======== Source material ========

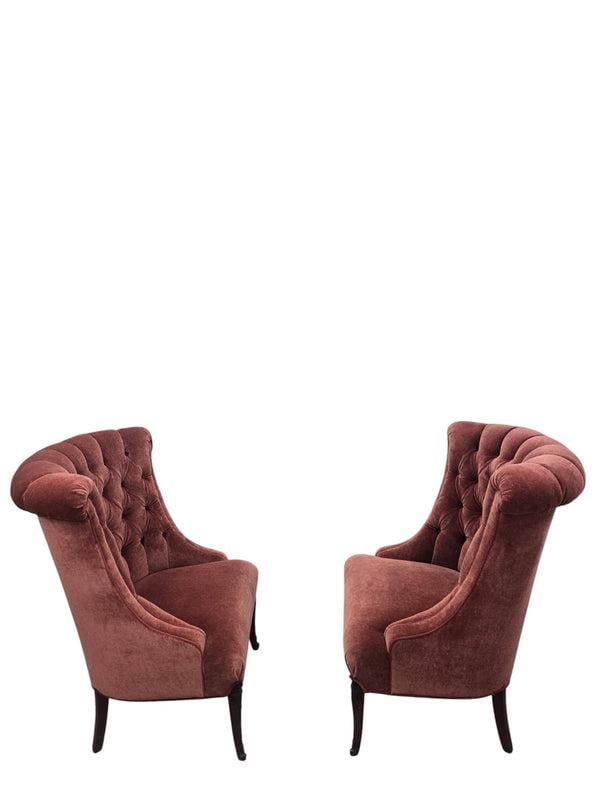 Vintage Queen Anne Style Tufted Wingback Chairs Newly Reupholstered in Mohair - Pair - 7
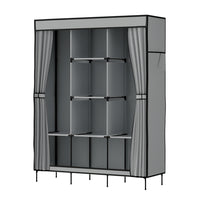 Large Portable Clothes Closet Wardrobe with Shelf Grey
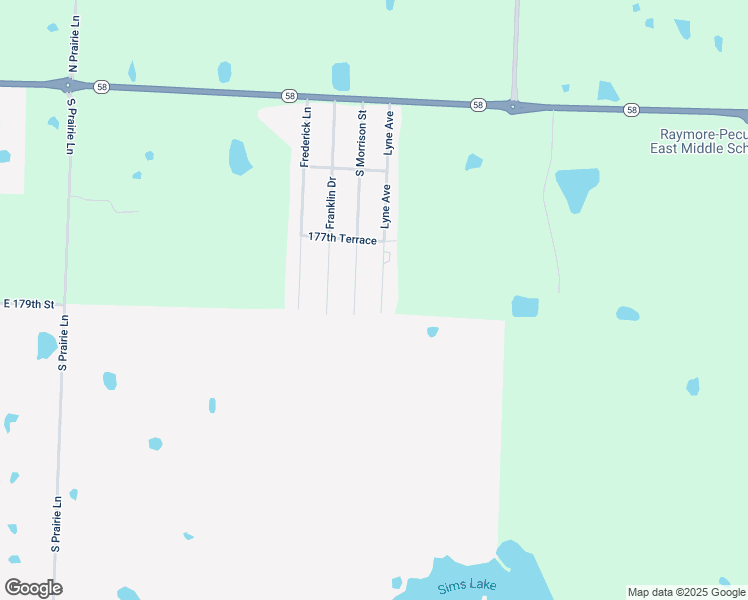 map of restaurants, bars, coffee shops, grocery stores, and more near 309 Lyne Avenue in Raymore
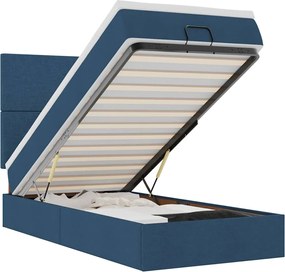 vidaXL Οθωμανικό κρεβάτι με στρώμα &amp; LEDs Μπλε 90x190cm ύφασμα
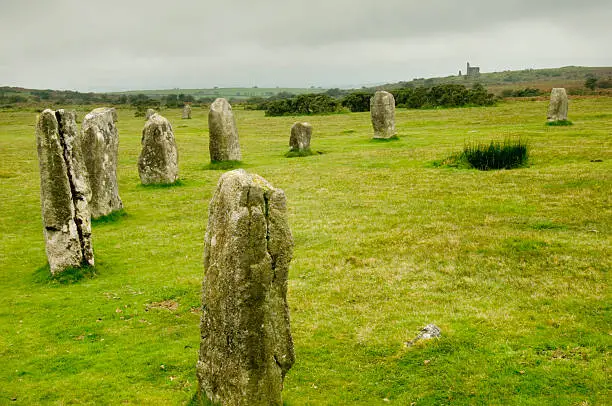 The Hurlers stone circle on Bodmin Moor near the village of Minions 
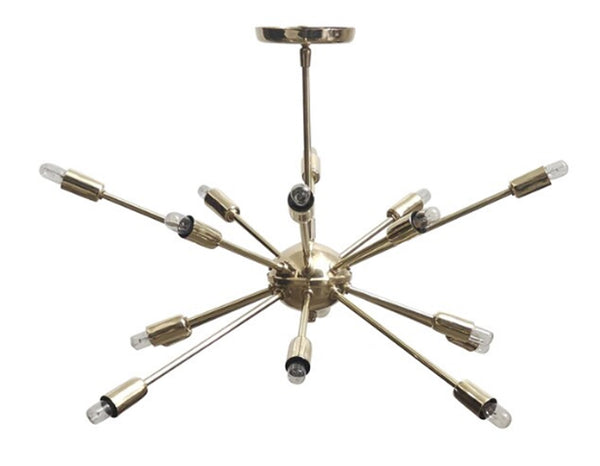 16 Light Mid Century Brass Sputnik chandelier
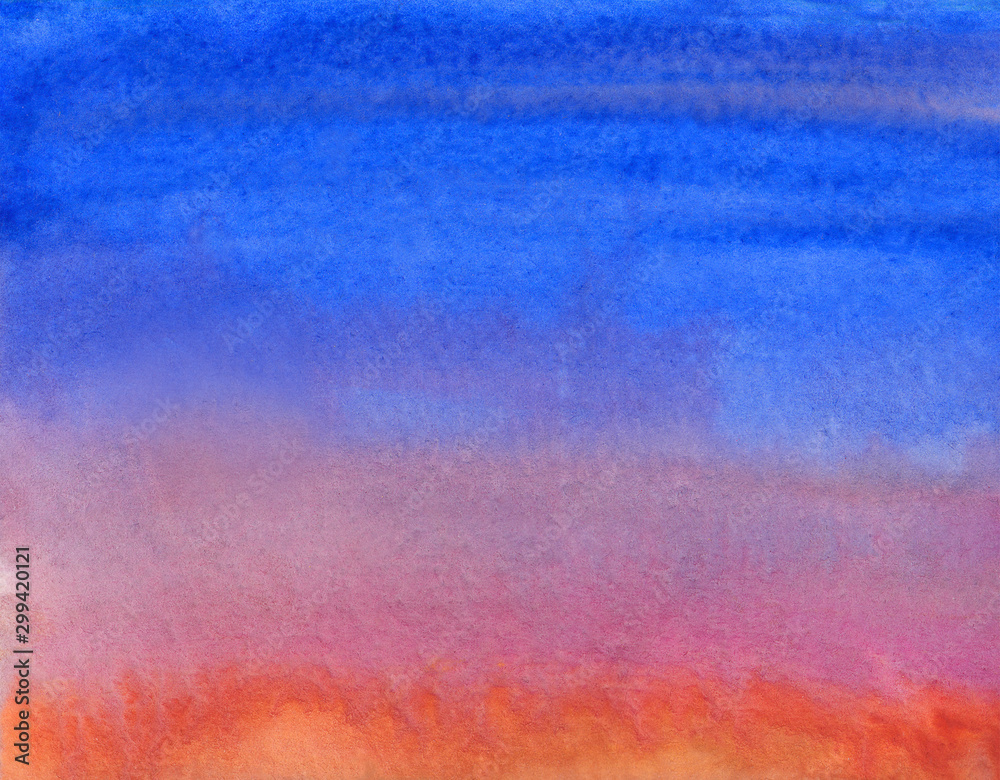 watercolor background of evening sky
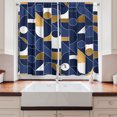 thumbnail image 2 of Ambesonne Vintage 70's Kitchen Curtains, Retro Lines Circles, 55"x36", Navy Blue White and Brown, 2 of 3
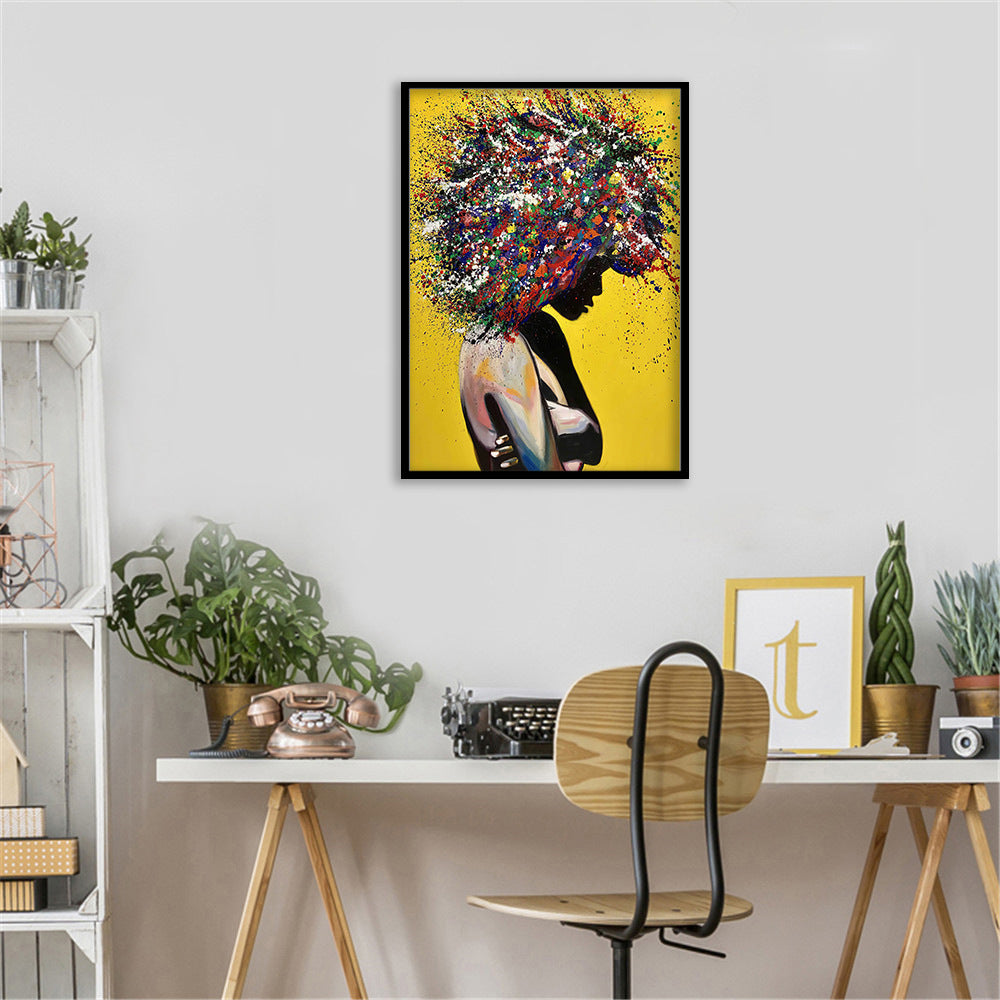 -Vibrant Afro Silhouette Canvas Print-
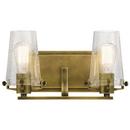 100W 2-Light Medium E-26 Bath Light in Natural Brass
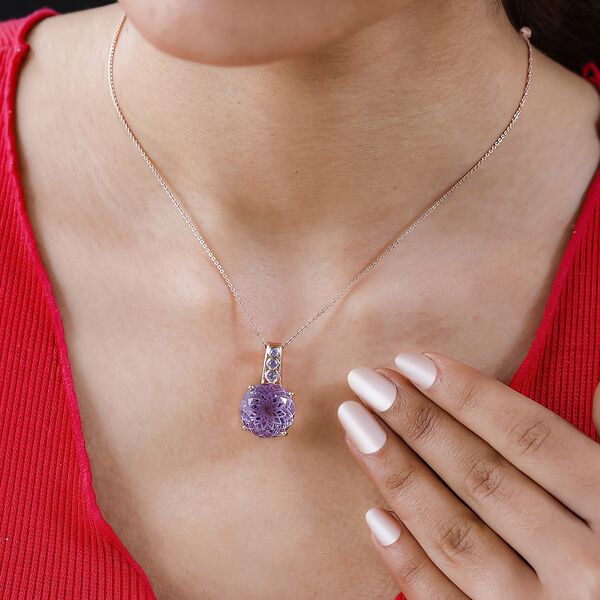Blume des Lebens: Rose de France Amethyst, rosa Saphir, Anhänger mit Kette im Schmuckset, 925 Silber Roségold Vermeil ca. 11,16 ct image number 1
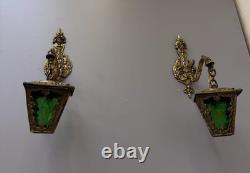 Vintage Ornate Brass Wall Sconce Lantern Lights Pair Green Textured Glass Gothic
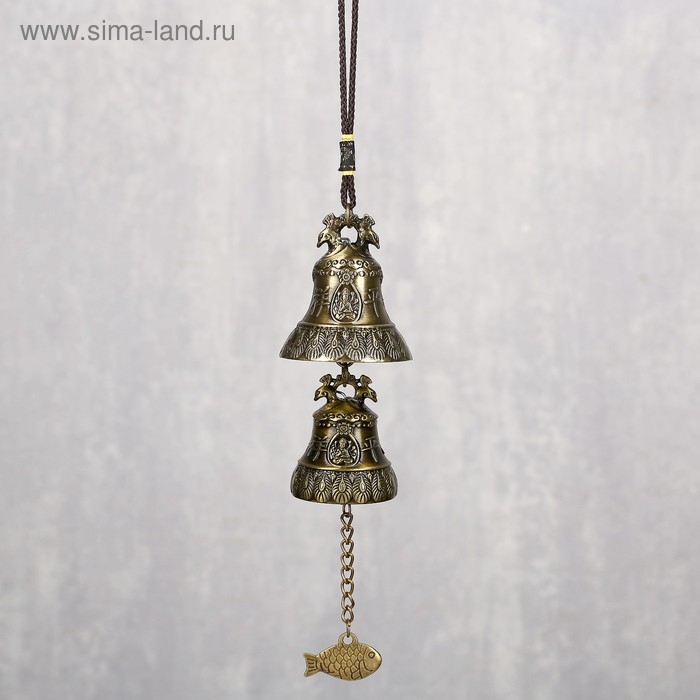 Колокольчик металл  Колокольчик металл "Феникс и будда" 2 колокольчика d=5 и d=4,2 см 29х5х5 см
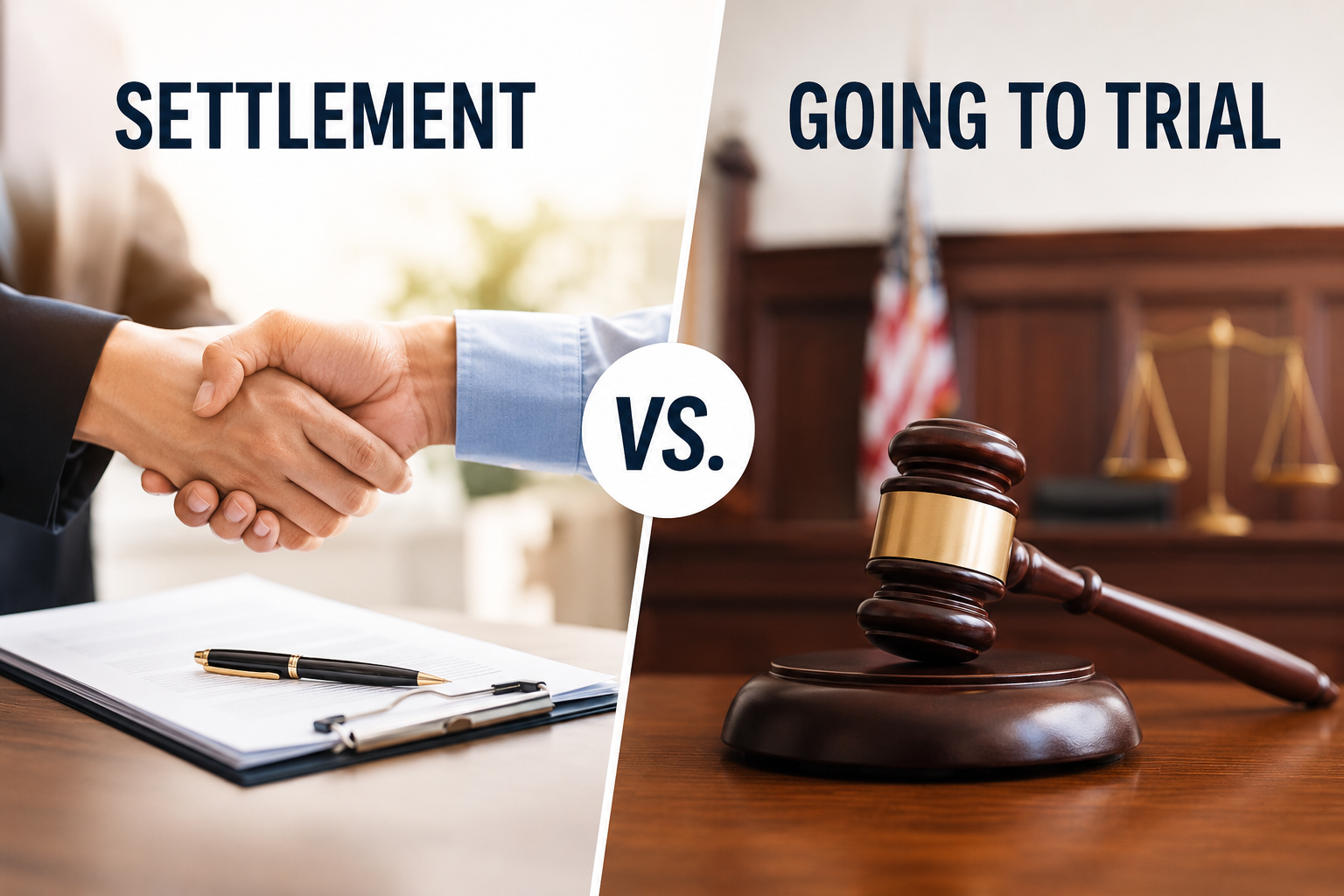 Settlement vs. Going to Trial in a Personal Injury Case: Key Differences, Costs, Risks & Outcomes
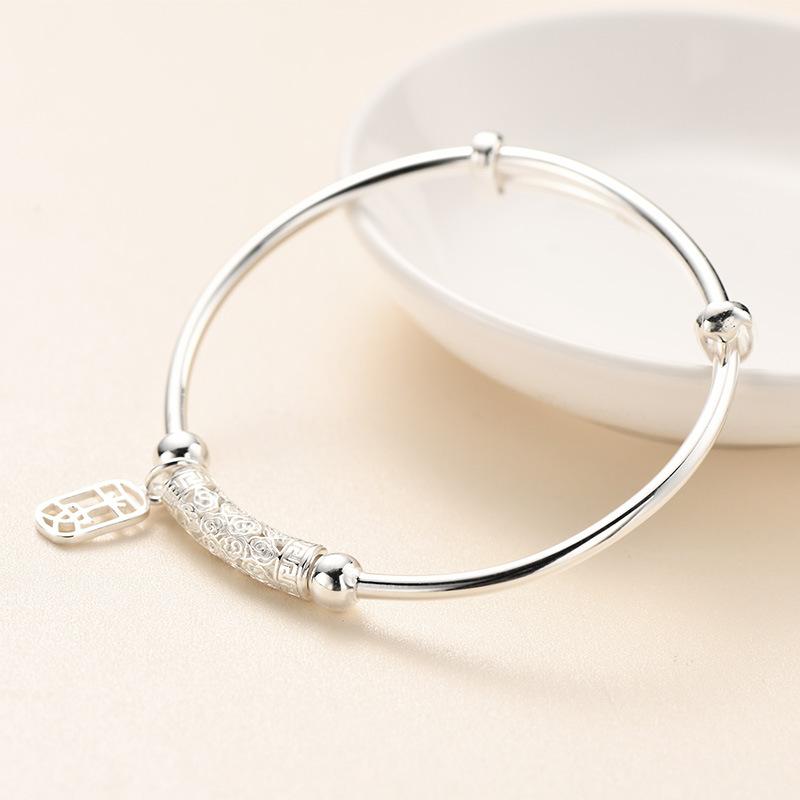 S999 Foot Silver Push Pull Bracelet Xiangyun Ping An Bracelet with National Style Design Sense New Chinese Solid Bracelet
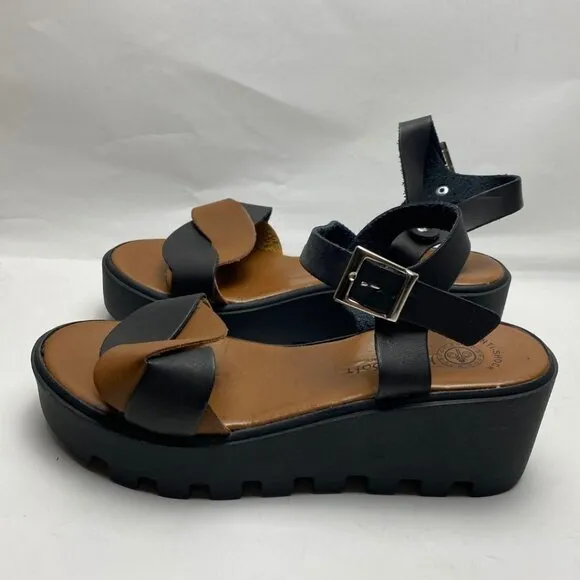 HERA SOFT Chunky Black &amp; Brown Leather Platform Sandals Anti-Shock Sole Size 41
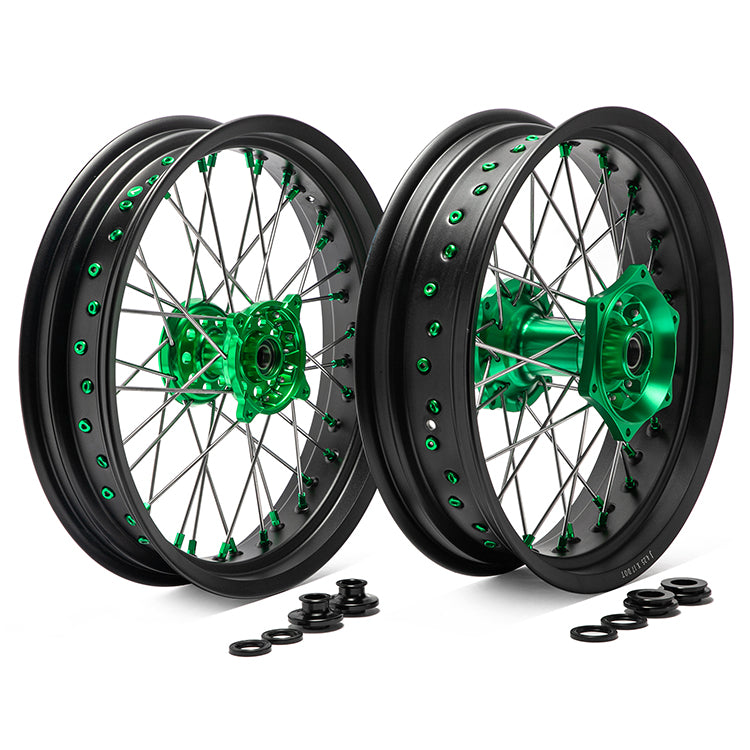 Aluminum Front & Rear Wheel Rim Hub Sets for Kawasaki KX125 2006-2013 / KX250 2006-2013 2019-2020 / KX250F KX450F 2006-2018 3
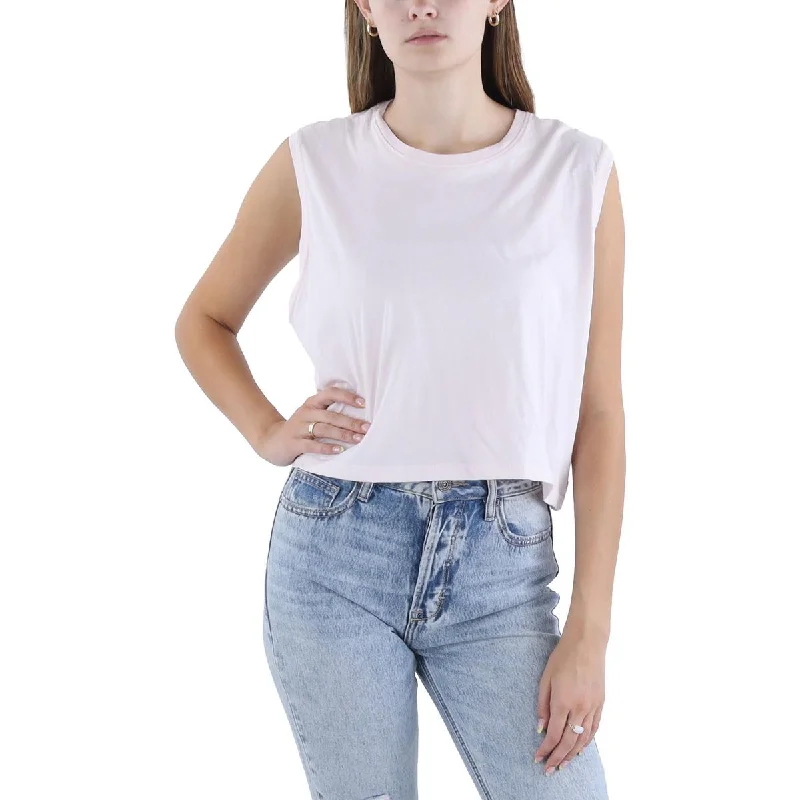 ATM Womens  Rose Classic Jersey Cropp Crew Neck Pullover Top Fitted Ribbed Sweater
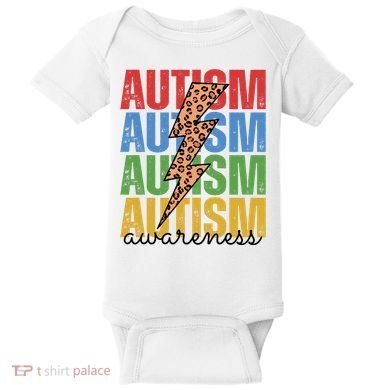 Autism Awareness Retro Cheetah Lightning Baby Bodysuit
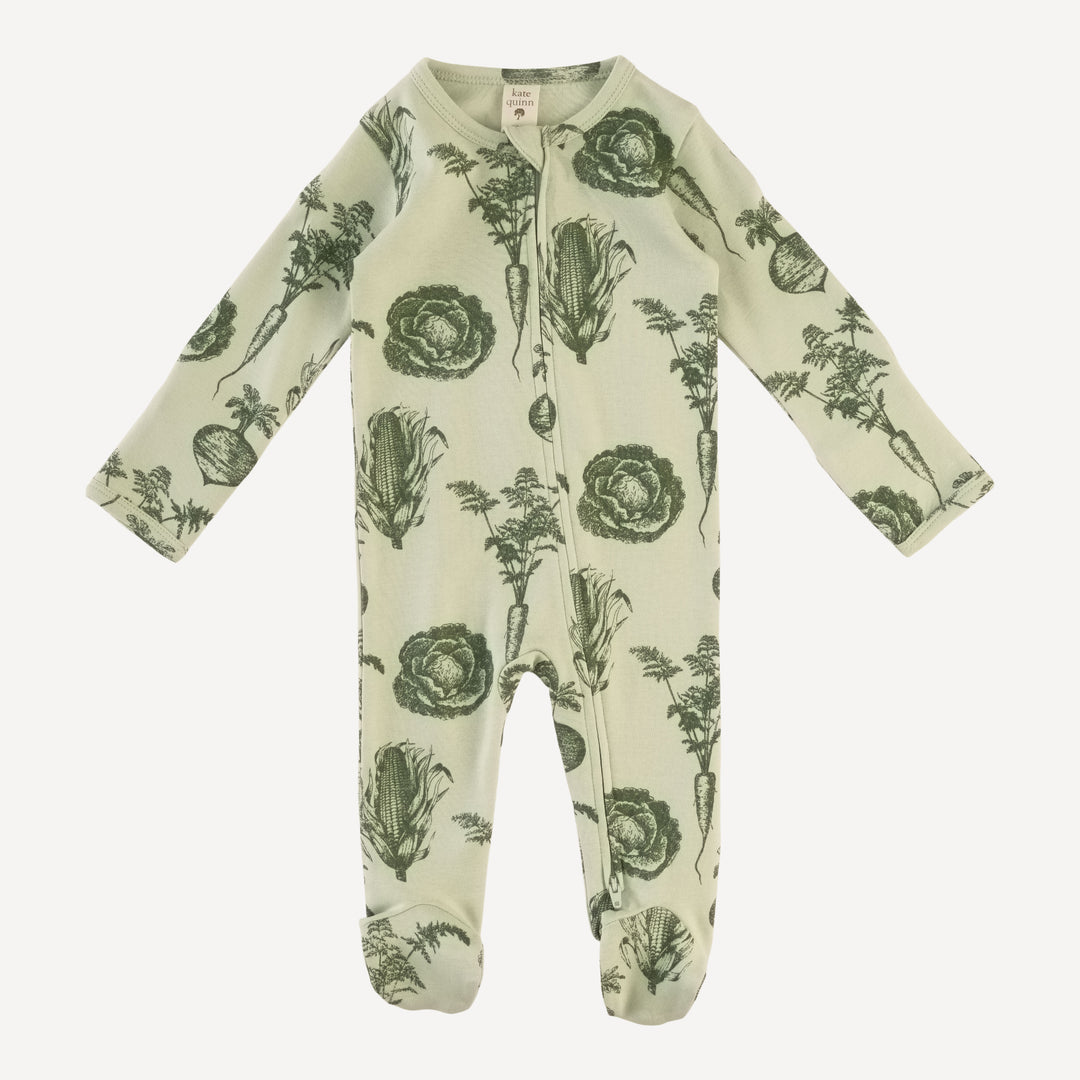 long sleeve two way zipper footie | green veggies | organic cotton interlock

========

• Goal of the exercise
Beginning with the line above that contains "HERA SOFT Chunky" and finishing with the line that contains "Aluminum Front &", print those lines exactly and only. Skip all pictures.

• Solution to the problem
 HERA SOFT Chunky Black &amp; Brown Leather Platform Sandals Anti-Shock Sole Size 41
 Aluminum Front & Rear Wheel Rim Hub Sets for Kawasaki KX125 2006-2013 / KX250 2006-2013 2019-2020 / KX250F KX450F 2006-2018 3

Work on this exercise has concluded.